WHAT IS REQUIRED: Each line in the material below, starting at the one that contains "Lychee Pattern Solid" and ending at the one that contains "PriceEarnings Ratio (P/E)", should be repeated exactly; the pictures should not.

EXCERPTED RECORDS:
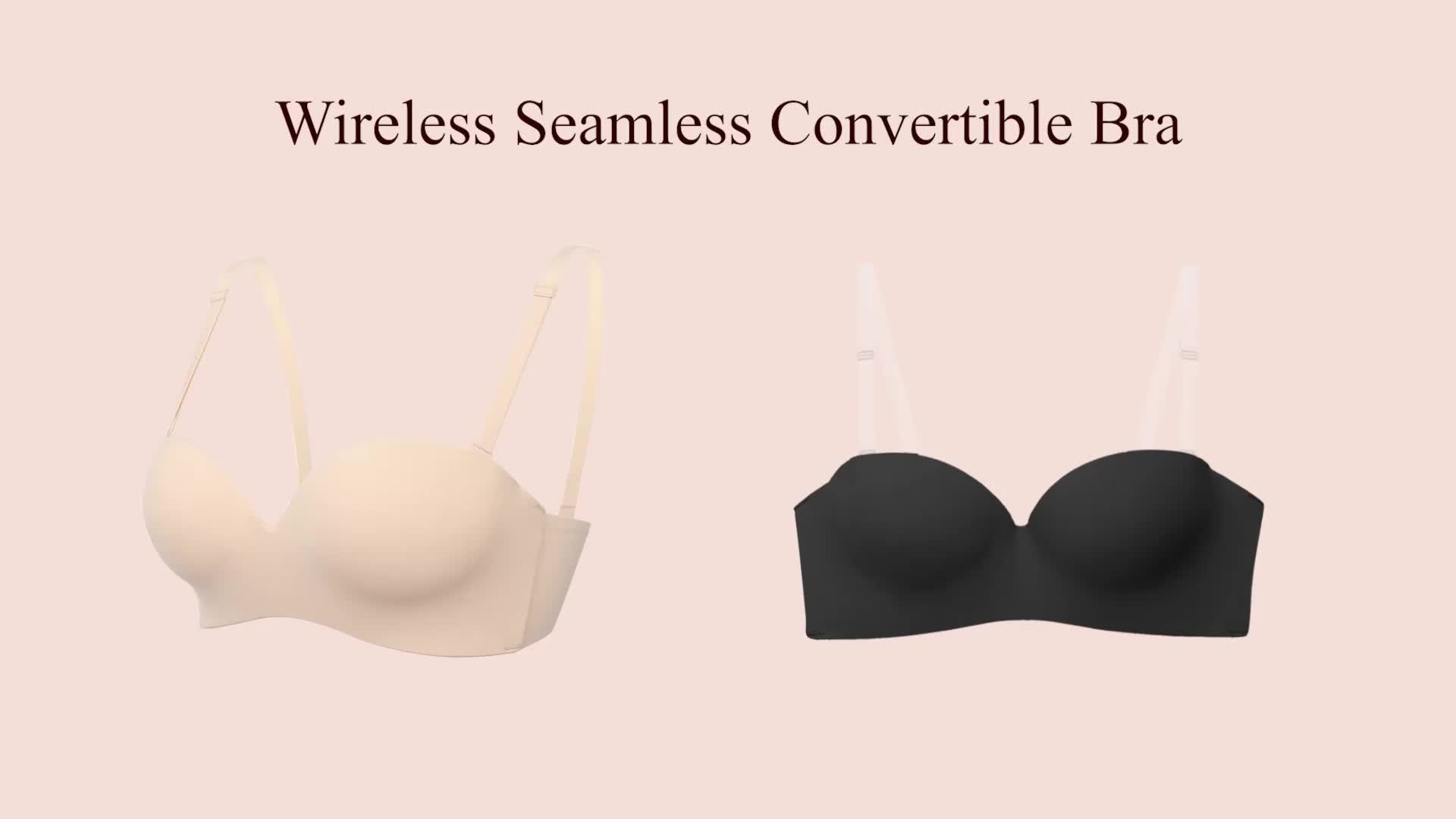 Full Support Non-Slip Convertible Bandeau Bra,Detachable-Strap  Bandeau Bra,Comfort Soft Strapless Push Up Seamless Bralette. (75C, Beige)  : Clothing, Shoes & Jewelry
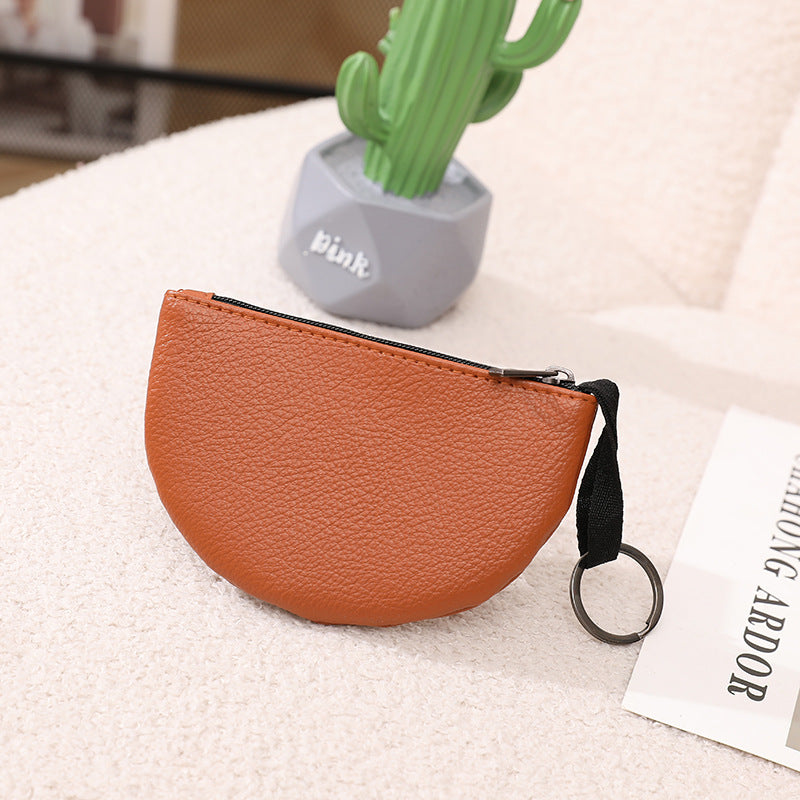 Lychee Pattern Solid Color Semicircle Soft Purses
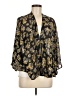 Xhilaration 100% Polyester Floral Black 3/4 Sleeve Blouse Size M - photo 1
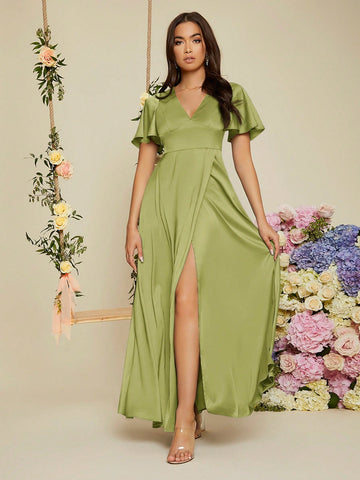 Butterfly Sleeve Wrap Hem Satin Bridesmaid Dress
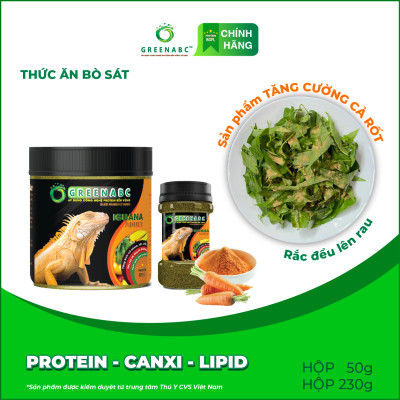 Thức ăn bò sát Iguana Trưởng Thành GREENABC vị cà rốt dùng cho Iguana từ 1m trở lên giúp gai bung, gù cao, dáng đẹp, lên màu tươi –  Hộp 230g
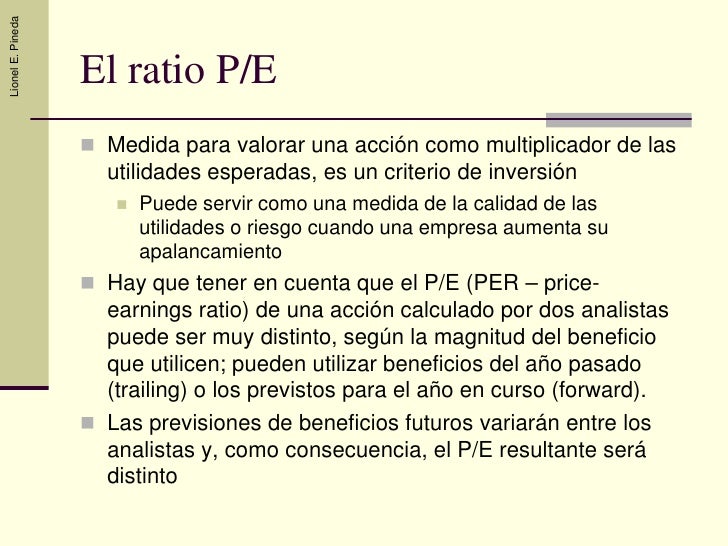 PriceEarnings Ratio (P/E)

* * *

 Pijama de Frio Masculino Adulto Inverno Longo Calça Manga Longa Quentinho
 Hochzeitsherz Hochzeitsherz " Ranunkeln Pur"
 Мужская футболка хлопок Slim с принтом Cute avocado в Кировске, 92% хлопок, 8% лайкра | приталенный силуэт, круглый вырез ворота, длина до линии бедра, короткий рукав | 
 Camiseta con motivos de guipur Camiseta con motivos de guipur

THE COMPLETED TASK:
 Lychee Pattern Solid Color Semicircle Soft Purses
 Xhilaration 100% Polyester Floral Black 3/4 Sleeve Blouse Size M - photo 1
 Butterfly Sleeve Wrap Hem Satin Bridesmaid Dress
 Thức ăn bò sát Iguana Trưởng Thành GREENABC vị cà rốt dùng cho Iguana từ 1m trở lên giúp gai bung, gù cao, dáng đẹp, lên màu tươi –  Hộp 230g
 PriceEarnings Ratio (P/E)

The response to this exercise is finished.